Haha they're awesome, Innes. Get your ass on AIM btw...you whore.


----------



## anotherreject04 (Mar 16, 2004)

i wouldnt mind shooting a few hampsters out of a potato cannon


----------



## Avatar~God (Oct 21, 2004)

smokinbubbles said:


> well you know if u really want to be cool innes you will teach your hamster to do backflips like i have seen some hamsters do...... thats only if u wnat to be cool though.
> J-Rod
> [snapback]1030316[/snapback]​


haha my sisters did that. i have no idea y though


----------



## furious piranha (Mar 22, 2005)

Avatar~God said:


> cErx2Oo3 said:
> 
> 
> > WorldBelow07 said:
> ...


 u should have casual sex friday..haha


----------



## Joga Bonito (Oct 30, 2004)

nice hamsters


----------



## Innes (Jan 13, 2003)

lophius said:


> what you want innes is a bloody great snake --- that would sort out the vermin problem !!!!
> [snapback]1028771[/snapback]​


lol then I would have a snake problem


----------



## ronzz (Oct 26, 2004)

Cute hamsters, ive got 3 syrian hamsters and 2 russian hamsters.

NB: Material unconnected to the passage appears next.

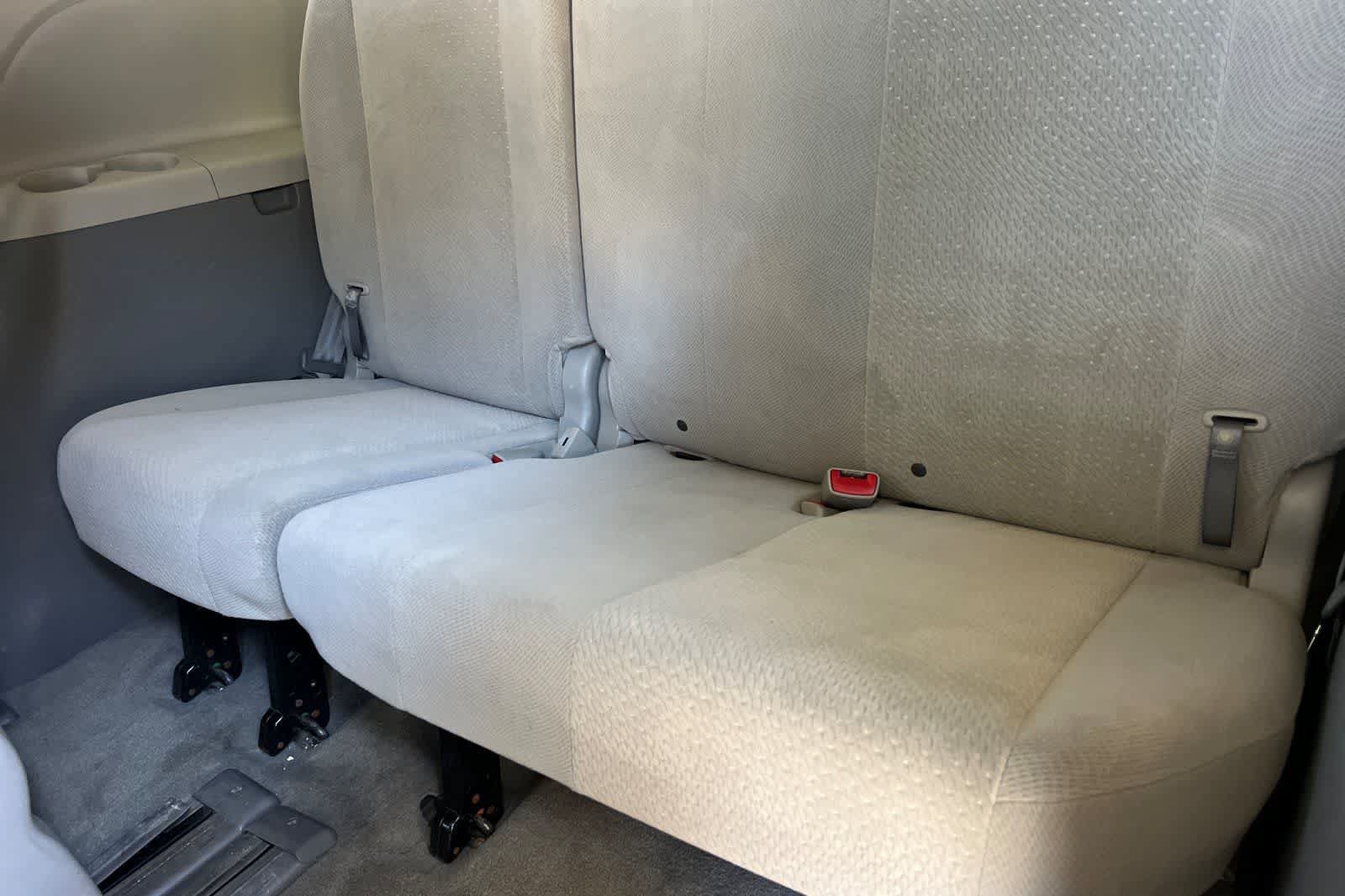 Used 2014 Toyota Sienna LE FWD image 17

I'd split yours up asap as you might come home one day and they'll have taken chunks out of each other.

i know this coz where i used to work we used to sell hamsters, we'd get them in about 6 weeks old and they'd b ok to stay together but when they got to 10 wks old we'd separate them and afew times even the ones less than 10 wks old would scrap and you'd go to clean their cage in the morning and their would be blood everywhere from where theyd scrapped

Nice cage tho and fab hamsters

Hopefully yours will get on and become good mates


----------



## Innes (Jan 13, 2003)

well so far so good, I heard the odd squeal when they are in bed, I think this is just when one wakes the other up lol I had hamsters squeal at me for waking them up before.

I am looking out for signs of aggression and will spilt them as soon as I am worried, I do not want a dead hamster.

from working with hamsters I believe that I will be able to tell when they are no longer compatible and will seperate if and when that happens, if I'm too late then I am really sorry, but I hope and believe that I will not be due to the amount of time I am in the same room as them.


----------



## mashunter18 (Jan 2, 2004)

Dude your hamsters are living large


----------



## ronzz (Oct 26, 2004)

Cool! I've wanted to keep syrian hamsters together but never had the courage to do it. But i'm out alot of the day so wouldn't be able to keep an eye on them just incase they had a scrap.


----------